The debate over the abolition of the states is a non-debate. Aside from a few single-issue crazies who want to turn back the rivers to create an inland sea, or as a moot debating point for constitutional law enthusiasts, there is no clamour whatsoever to pursue such a complex and challenging reform.

Perhaps the argument should be recast, with a proposal that if we aren’t prepared to abolish the states, we should at least abolish New South Wales.
Under the baton-passing stewardship of NSW Labor, with the top job having been hand-balled from Morris Iemma to Nathan Rees to Kristina Keneally in just over 12 months, NSW has cemented itself as a failed state, if not a rogue state, on the national stage.
Its economic performance has held back the rest of the country. Its woeful political management threatens to hurt Kevin Rudd with many voters waiting not just with baseball bats but Molotov cocktails, cream pies and Uzis to send anyone who’s vaguely involved with the Labor Party a pretty blunt demonstration of their disgust.
If you want an indication of how crook the place has become, look no further than the galling opportunism of the Keneally Government this week in trying to cash in on Victoria’s discomfort over the Indian student bashings.
One of the least savoury features of our federalism over the past decade or so has been the one-upmanship and carrot-dangling which state governments have employed to attract investment.

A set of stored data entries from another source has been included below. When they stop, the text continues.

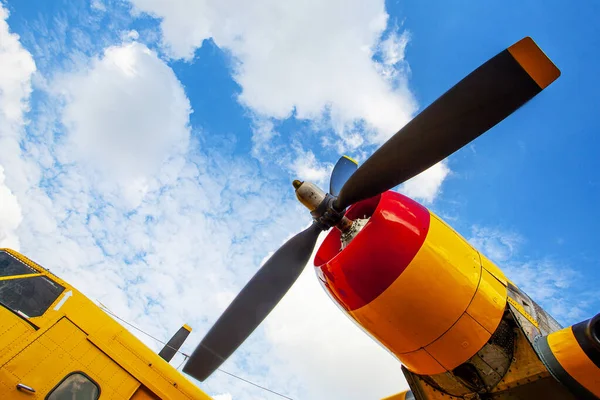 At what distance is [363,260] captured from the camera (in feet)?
13.3

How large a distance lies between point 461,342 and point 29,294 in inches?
212

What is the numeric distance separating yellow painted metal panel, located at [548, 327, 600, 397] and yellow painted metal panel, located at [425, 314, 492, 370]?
28.4 inches

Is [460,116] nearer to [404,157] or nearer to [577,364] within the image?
[404,157]

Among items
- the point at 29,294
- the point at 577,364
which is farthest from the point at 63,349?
the point at 577,364

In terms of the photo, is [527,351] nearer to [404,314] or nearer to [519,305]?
[519,305]

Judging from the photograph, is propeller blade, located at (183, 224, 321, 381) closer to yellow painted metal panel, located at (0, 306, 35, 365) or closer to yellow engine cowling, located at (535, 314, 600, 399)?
yellow painted metal panel, located at (0, 306, 35, 365)

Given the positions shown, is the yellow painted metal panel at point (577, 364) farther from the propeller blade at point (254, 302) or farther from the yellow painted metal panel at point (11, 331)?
the yellow painted metal panel at point (11, 331)

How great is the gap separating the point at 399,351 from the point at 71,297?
452cm

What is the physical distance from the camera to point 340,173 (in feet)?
19.2

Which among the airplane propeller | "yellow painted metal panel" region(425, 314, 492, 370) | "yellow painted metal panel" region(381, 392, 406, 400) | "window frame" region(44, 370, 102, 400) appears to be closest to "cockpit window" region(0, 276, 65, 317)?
"window frame" region(44, 370, 102, 400)

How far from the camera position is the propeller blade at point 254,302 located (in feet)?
17.8

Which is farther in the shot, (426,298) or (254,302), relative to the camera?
(254,302)

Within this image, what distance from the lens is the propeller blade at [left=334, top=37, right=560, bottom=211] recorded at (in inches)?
133

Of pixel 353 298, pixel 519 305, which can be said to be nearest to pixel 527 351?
pixel 519 305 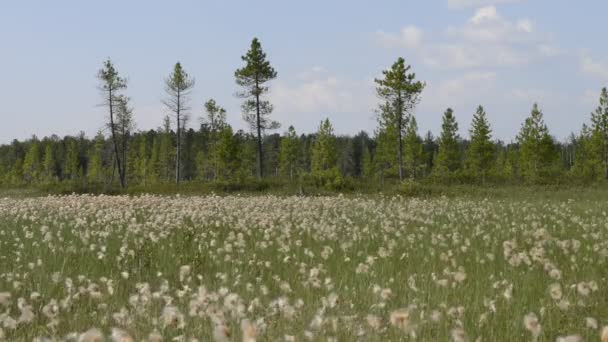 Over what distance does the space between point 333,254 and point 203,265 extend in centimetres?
182

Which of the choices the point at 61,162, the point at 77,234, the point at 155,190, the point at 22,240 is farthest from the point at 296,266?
the point at 61,162

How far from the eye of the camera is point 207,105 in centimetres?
6312

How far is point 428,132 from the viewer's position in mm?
163500

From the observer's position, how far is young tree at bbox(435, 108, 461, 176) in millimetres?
62438

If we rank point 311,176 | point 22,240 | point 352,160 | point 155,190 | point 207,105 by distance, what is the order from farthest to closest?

Their tactics have distorted the free market and thrown public money at private investors who often haven’t shown up anyway. The bidding war which erupted between the states over Virgin’s expansion into the Australian aviation market involved the profligate elimination of public funds which should rightly have been spent on nurses, cops and teachers. Poor old Richard Branson almost needed to take an AVO out against the then Queensland Premier Peter Beattie as he was fawned over and feted with buckets of public cash. The bungling of contracts such as the outsourcing of information technology by South Australia’s Brown Liberal Government to computer giant EDS was a case of public waste writ large.
But what the NSW Government did this week over the Indian student fiasco had a new dimension. It was tasteless.
Using the cover of the lofty-sounding Premier’s Council on International Education, the NSW Government basically embarked on a parasitic self-promotional exercise to lure Indian students here at the expense of Victoria.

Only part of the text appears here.